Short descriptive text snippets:

▽

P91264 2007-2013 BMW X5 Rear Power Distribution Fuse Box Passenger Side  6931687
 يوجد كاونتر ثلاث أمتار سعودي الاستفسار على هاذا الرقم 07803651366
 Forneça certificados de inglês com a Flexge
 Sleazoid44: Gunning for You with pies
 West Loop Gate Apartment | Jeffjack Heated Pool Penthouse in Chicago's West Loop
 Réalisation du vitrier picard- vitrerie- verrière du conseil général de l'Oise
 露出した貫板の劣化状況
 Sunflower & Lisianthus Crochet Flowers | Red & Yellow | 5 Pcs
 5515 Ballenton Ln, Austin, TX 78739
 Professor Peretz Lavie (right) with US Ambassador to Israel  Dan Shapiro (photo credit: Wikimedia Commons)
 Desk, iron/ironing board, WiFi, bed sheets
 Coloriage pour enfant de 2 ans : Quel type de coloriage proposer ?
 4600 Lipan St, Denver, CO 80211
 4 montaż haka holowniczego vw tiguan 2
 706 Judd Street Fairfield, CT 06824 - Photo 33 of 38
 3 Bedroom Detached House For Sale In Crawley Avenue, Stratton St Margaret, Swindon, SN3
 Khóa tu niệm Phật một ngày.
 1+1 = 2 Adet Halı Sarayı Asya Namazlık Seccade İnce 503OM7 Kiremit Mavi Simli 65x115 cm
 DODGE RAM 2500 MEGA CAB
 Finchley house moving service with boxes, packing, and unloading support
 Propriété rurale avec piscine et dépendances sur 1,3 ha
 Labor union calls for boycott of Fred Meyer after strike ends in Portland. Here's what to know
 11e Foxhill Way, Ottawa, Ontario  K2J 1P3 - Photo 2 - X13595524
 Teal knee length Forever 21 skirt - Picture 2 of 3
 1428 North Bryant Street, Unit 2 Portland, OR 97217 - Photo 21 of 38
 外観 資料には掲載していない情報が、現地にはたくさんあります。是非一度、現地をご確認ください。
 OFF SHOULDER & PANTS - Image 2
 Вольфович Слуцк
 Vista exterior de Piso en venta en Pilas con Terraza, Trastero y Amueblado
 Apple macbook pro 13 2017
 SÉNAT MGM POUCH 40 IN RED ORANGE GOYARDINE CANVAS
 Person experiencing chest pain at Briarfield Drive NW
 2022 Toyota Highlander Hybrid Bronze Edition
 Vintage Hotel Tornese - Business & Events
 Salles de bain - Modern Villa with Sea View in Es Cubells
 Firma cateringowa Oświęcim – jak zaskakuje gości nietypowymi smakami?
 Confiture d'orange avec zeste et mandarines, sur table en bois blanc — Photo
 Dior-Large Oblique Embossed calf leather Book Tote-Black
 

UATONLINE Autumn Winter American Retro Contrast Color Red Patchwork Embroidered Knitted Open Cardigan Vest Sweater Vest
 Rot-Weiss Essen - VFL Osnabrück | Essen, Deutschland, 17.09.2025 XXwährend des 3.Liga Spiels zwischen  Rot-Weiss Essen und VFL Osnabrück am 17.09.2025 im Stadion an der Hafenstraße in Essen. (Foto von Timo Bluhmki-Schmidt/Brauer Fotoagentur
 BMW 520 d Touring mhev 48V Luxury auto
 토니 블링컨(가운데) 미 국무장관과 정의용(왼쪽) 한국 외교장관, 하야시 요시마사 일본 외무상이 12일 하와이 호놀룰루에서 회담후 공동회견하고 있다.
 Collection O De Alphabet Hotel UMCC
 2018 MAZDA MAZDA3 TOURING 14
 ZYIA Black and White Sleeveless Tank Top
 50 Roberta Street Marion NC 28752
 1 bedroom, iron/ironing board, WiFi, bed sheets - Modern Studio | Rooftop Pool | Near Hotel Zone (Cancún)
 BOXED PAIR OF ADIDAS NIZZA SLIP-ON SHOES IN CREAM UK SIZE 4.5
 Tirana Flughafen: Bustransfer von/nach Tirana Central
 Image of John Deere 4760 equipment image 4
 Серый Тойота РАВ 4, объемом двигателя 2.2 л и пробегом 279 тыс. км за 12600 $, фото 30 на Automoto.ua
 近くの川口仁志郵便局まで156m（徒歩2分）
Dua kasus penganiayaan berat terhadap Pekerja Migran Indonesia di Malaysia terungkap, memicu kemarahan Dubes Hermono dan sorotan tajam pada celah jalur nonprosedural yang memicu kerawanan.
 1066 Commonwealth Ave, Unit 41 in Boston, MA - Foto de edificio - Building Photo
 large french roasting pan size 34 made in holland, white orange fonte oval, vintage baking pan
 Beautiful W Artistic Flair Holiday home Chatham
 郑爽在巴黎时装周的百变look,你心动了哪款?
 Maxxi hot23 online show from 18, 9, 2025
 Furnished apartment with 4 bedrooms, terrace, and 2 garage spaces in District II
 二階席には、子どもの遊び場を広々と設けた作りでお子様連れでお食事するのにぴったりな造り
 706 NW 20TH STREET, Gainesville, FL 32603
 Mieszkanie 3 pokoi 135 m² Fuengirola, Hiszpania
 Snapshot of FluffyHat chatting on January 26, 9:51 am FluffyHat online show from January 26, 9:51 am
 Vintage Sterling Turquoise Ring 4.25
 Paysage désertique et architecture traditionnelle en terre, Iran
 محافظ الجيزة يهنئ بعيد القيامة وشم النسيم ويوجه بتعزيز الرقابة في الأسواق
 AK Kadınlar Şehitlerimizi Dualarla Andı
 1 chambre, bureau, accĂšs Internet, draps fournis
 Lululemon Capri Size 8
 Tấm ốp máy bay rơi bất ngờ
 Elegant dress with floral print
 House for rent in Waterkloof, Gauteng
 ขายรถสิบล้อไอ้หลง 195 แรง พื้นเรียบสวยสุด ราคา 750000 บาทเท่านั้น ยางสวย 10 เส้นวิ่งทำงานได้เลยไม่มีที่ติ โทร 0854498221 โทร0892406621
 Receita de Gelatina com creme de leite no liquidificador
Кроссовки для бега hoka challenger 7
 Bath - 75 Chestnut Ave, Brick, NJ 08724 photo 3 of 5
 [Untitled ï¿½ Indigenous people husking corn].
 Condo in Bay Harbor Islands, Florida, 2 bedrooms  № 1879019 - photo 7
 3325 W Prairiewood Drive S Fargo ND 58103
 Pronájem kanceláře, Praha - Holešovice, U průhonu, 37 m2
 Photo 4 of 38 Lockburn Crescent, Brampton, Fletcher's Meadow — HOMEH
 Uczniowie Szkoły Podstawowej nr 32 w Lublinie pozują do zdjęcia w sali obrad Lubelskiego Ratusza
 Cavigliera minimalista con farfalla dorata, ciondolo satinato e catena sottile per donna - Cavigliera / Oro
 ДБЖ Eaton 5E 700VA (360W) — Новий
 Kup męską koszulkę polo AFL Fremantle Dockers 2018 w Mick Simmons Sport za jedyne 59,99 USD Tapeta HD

△

= Problem =
Every entry is to be restated word for word, with nothing dropped.

= Answer section =
P91264 2007-2013 BMW X5 Rear Power Distribution Fuse Box Passenger Side  6931687
 يوجد كاونتر ثلاث أمتار سعودي الاستفسار على هاذا الرقم 07803651366
 Forneça certificados de inglês com a Flexge
 Sleazoid44: Gunning for You with pies
 West Loop Gate Apartment | Jeffjack Heated Pool Penthouse in Chicago's West Loop
 Réalisation du vitrier picard- vitrerie- verrière du conseil général de l'Oise
 露出した貫板の劣化状況
 Sunflower & Lisianthus Crochet Flowers | Red & Yellow | 5 Pcs
 5515 Ballenton Ln, Austin, TX 78739
 Professor Peretz Lavie (right) with US Ambassador to Israel  Dan Shapiro (photo credit: Wikimedia Commons)
 Desk, iron/ironing board, WiFi, bed sheets
 Coloriage pour enfant de 2 ans : Quel type de coloriage proposer ?
 4600 Lipan St, Denver, CO 80211
 4 montaż haka holowniczego vw tiguan 2
 706 Judd Street Fairfield, CT 06824 - Photo 33 of 38
 3 Bedroom Detached House For Sale In Crawley Avenue, Stratton St Margaret, Swindon, SN3
 Khóa tu niệm Phật một ngày.
 1+1 = 2 Adet Halı Sarayı Asya Namazlık Seccade İnce 503OM7 Kiremit Mavi Simli 65x115 cm
 DODGE RAM 2500 MEGA CAB
 Finchley house moving service with boxes, packing, and unloading support
 Propriété rurale avec piscine et dépendances sur 1,3 ha
 Labor union calls for boycott of Fred Meyer after strike ends in Portland. Here's what to know
 11e Foxhill Way, Ottawa, Ontario  K2J 1P3 - Photo 2 - X13595524
 Teal knee length Forever 21 skirt - Picture 2 of 3
 1428 North Bryant Street, Unit 2 Portland, OR 97217 - Photo 21 of 38
 外観 資料には掲載していない情報が、現地にはたくさんあります。是非一度、現地をご確認ください。
 OFF SHOULDER & PANTS - Image 2
 Вольфович Слуцк
 Vista exterior de Piso en venta en Pilas con Terraza, Trastero y Amueblado
 Apple macbook pro 13 2017
 SÉNAT MGM POUCH 40 IN RED ORANGE GOYARDINE CANVAS
 Person experiencing chest pain at Briarfield Drive NW
 2022 Toyota Highlander Hybrid Bronze Edition
 Vintage Hotel Tornese - Business & Events
 Salles de bain - Modern Villa with Sea View in Es Cubells
 Firma cateringowa Oświęcim – jak zaskakuje gości nietypowymi smakami?
 Confiture d'orange avec zeste et mandarines, sur table en bois blanc — Photo
 Dior-Large Oblique Embossed calf leather Book Tote-Black
 

UATONLINE Autumn Winter American Retro Contrast Color Red Patchwork Embroidered Knitted Open Cardigan Vest Sweater Vest
 Rot-Weiss Essen - VFL Osnabrück | Essen, Deutschland, 17.09.2025 XXwährend des 3.Liga Spiels zwischen  Rot-Weiss Essen und VFL Osnabrück am 17.09.2025 im Stadion an der Hafenstraße in Essen. (Foto von Timo Bluhmki-Schmidt/Brauer Fotoagentur
 BMW 520 d Touring mhev 48V Luxury auto
 토니 블링컨(가운데) 미 국무장관과 정의용(왼쪽) 한국 외교장관, 하야시 요시마사 일본 외무상이 12일 하와이 호놀룰루에서 회담후 공동회견하고 있다.
 Collection O De Alphabet Hotel UMCC
 2018 MAZDA MAZDA3 TOURING 14
 ZYIA Black and White Sleeveless Tank Top
 50 Roberta Street Marion NC 28752
 1 bedroom, iron/ironing board, WiFi, bed sheets - Modern Studio | Rooftop Pool | Near Hotel Zone (Cancún)
 BOXED PAIR OF ADIDAS NIZZA SLIP-ON SHOES IN CREAM UK SIZE 4.5
 Tirana Flughafen: Bustransfer von/nach Tirana Central
 Image of John Deere 4760 equipment image 4
 Серый Тойота РАВ 4, объемом двигателя 2.2 л и пробегом 279 тыс. км за 12600 $, фото 30 на Automoto.ua
 近くの川口仁志郵便局まで156m（徒歩2分）
Dua kasus penganiayaan berat terhadap Pekerja Migran Indonesia di Malaysia terungkap, memicu kemarahan Dubes Hermono dan sorotan tajam pada celah jalur nonprosedural yang memicu kerawanan.
 1066 Commonwealth Ave, Unit 41 in Boston, MA - Foto de edificio - Building Photo
 large french roasting pan size 34 made in holland, white orange fonte oval, vintage baking pan
 Beautiful W Artistic Flair Holiday home Chatham
 郑爽在巴黎时装周的百变look,你心动了哪款?
 Maxxi hot23 online show from 18, 9, 2025
 Furnished apartment with 4 bedrooms, terrace, and 2 garage spaces in District II
 二階席には、子どもの遊び場を広々と設けた作りでお子様連れでお食事するのにぴったりな造り
 706 NW 20TH STREET, Gainesville, FL 32603
 Mieszkanie 3 pokoi 135 m² Fuengirola, Hiszpania
 Snapshot of FluffyHat chatting on January 26, 9:51 am FluffyHat online show from January 26, 9:51 am
 Vintage Sterling Turquoise Ring 4.25
 Paysage désertique et architecture traditionnelle en terre, Iran
 محافظ الجيزة يهنئ بعيد القيامة وشم النسيم ويوجه بتعزيز الرقابة في الأسواق
 AK Kadınlar Şehitlerimizi Dualarla Andı
 1 chambre, bureau, accĂšs Internet, draps fournis
 Lululemon Capri Size 8
 Tấm ốp máy bay rơi bất ngờ
 Elegant dress with floral print
 House for rent in Waterkloof, Gauteng
 ขายรถสิบล้อไอ้หลง 195 แรง พื้นเรียบสวยสุด ราคา 750000 บาทเท่านั้น ยางสวย 10 เส้นวิ่งทำงานได้เลยไม่มีที่ติ โทร 0854498221 โทร0892406621
 Receita de Gelatina com creme de leite no liquidificador
Кроссовки для бега hoka challenger 7
 Bath - 75 Chestnut Ave, Brick, NJ 08724 photo 3 of 5
 [Untitled ï¿½ Indigenous people husking corn].
 Condo in Bay Harbor Islands, Florida, 2 bedrooms  № 1879019 - photo 7
 3325 W Prairiewood Drive S Fargo ND 58103
 Pronájem kanceláře, Praha - Holešovice, U průhonu, 37 m2
 Photo 4 of 38 Lockburn Crescent, Brampton, Fletcher's Meadow — HOMEH
 Uczniowie Szkoły Podstawowej nr 32 w Lublinie pozują do zdjęcia w sali obrad Lubelskiego Ratusza
 Cavigliera minimalista con farfalla dorata, ciondolo satinato e catena sottile per donna - Cavigliera / Oro
 ДБЖ Eaton 5E 700VA (360W) — Новий
 Kup męską koszulkę polo AFL Fremantle Dockers 2018 w Mick Simmons Sport za jedyne 59,99 USD Tapeta HD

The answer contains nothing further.